Capt. Carl H. Carlsen’s (1900-1961) seagoing career began in 1916 when he enlisted in the Navy and chased German raiders during WWI aboard the battleship USS Oregon, after which he joined the Coast Guard and went to sea on board the cutter Mojave.
Following his Coast Guard service in the late 1920s, he moved to Honolulu and signed on as 3rd Mate with Inter-Island Steam Navigation Co., which ran steamship service between the main Hawaiian islands until 1947.
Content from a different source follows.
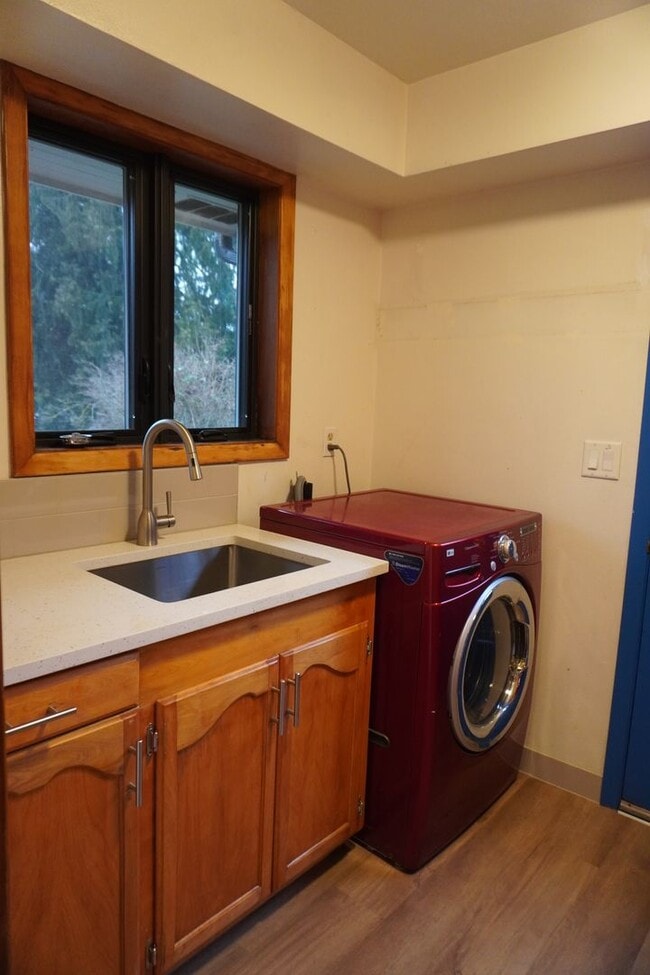 Building Photo - 5716 Alki Rd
Then there was a spell in Washington, his home state, during which he bought and captained a steam tugboat on Puget Sound.
In the 30s, Carlsen returned to Hawai‘i and Inter-Island as Chief Mate and advanced to Captain. His first command was SS Haleakala.
Over the years, “Big Swede” (his nickname on the waterfronts) also skippered SS Wai‘ale‘ale and SS Hualalai.
One time during the 30s, Capt. Carlsen was docking Hualalai at Nawiliwili while Hualalai’s motor lifeboat ran lines to the dock.
When the lifeboat operator decided to run aft between the ship and the dock — as he’d been ordered not to do — and the lifeboat’s motor then conked out, Carlsen leaned over Hualalai’s port bridge wind dodger and proceeded to chew him out.
Meanwhile, Hualalai’s 250 passengers were leaning on the rails, witnessing all that had transpired.
Carlsen’s blast continued unabated, when out of the shadow of the dock warehouse stepped Dot Eldon, wife of Jack Eldon, an engineer at McBryde Sugar Co., and good friends of both Carlsen and his wife, Ida.
Upon seeing her, Carlsen abruptly stopped. A moment of expectant silence occurred. Then Dot said, “Why Carl, I never knew you swore,” and the passengers exploded in laughter.
Capt. Carl “Big Swede” Carlsen and Ida Carlsen had two children, Pauline and Ehrling.